Would you please copy every line below that includes the string "Cotton"?
--- Input for this task Enclosed Below ---
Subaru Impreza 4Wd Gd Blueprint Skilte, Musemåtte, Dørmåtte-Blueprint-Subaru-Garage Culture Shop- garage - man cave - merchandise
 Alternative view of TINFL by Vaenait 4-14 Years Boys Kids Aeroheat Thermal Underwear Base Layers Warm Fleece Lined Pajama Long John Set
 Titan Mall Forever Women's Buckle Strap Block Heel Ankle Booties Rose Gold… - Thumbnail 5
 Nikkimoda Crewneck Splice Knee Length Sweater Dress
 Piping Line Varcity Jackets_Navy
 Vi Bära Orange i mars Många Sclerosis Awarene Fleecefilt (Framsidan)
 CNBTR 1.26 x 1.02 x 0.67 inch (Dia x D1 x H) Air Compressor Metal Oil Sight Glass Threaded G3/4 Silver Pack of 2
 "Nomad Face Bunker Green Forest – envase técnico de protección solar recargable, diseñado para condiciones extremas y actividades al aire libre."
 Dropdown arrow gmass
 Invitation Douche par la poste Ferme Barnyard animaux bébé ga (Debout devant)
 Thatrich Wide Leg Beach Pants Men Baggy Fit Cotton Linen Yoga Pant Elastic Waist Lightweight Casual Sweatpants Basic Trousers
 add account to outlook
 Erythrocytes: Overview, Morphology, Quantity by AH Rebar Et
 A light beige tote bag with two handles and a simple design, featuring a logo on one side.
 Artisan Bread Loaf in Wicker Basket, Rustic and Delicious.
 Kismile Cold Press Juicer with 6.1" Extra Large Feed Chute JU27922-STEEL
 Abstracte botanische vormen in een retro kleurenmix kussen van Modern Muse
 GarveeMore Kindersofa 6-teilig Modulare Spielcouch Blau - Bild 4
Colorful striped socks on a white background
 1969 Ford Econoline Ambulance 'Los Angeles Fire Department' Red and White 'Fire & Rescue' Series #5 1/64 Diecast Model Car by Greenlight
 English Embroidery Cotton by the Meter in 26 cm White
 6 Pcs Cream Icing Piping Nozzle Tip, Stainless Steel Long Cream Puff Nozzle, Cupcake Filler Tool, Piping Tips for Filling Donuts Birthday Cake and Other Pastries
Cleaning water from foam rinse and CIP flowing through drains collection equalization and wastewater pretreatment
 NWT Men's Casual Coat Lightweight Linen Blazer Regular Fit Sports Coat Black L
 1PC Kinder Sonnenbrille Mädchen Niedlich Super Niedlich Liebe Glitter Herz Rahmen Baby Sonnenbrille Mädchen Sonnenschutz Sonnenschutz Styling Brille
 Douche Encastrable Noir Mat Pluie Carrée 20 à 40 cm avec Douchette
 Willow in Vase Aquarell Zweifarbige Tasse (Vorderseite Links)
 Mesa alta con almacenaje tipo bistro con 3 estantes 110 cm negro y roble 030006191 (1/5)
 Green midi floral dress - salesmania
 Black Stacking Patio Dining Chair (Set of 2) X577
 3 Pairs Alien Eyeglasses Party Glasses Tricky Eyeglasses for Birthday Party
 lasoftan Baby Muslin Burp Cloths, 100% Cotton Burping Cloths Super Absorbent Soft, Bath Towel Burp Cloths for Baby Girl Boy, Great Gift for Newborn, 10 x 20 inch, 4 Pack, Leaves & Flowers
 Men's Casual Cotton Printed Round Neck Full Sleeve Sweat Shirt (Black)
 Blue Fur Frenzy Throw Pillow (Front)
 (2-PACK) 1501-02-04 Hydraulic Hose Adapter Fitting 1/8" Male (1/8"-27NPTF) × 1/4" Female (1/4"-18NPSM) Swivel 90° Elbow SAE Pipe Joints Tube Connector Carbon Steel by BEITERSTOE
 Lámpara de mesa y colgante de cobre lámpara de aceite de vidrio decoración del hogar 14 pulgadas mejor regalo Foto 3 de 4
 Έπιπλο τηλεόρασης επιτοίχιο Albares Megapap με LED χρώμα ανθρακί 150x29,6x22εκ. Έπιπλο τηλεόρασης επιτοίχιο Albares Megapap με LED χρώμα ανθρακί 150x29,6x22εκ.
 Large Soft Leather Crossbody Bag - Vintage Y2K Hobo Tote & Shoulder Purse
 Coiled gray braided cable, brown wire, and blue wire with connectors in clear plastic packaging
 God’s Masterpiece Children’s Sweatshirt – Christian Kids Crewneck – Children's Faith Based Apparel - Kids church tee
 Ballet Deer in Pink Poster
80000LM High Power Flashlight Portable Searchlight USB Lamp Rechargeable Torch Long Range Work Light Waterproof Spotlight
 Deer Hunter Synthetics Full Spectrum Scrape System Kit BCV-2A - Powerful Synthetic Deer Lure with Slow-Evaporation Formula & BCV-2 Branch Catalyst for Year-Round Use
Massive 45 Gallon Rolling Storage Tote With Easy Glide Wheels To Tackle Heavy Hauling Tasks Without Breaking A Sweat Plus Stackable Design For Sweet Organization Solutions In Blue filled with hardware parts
--- End of Enclosed Input for this task ---
=== Result for this exercise ===
 Thatrich Wide Leg Beach Pants Men Baggy Fit Cotton Linen Yoga Pant Elastic Waist Lightweight Casual Sweatpants Basic Trousers
 English Embroidery Cotton by the Meter in 26 cm White
 lasoftan Baby Muslin Burp Cloths, 100% Cotton Burping Cloths Super Absorbent Soft, Bath Towel Burp Cloths for Baby Girl Boy, Great Gift for Newborn, 10 x 20 inch, 4 Pack, Leaves & Flowers
 Men's Casual Cotton Printed Round Neck Full Sleeve Sweat Shirt (Black)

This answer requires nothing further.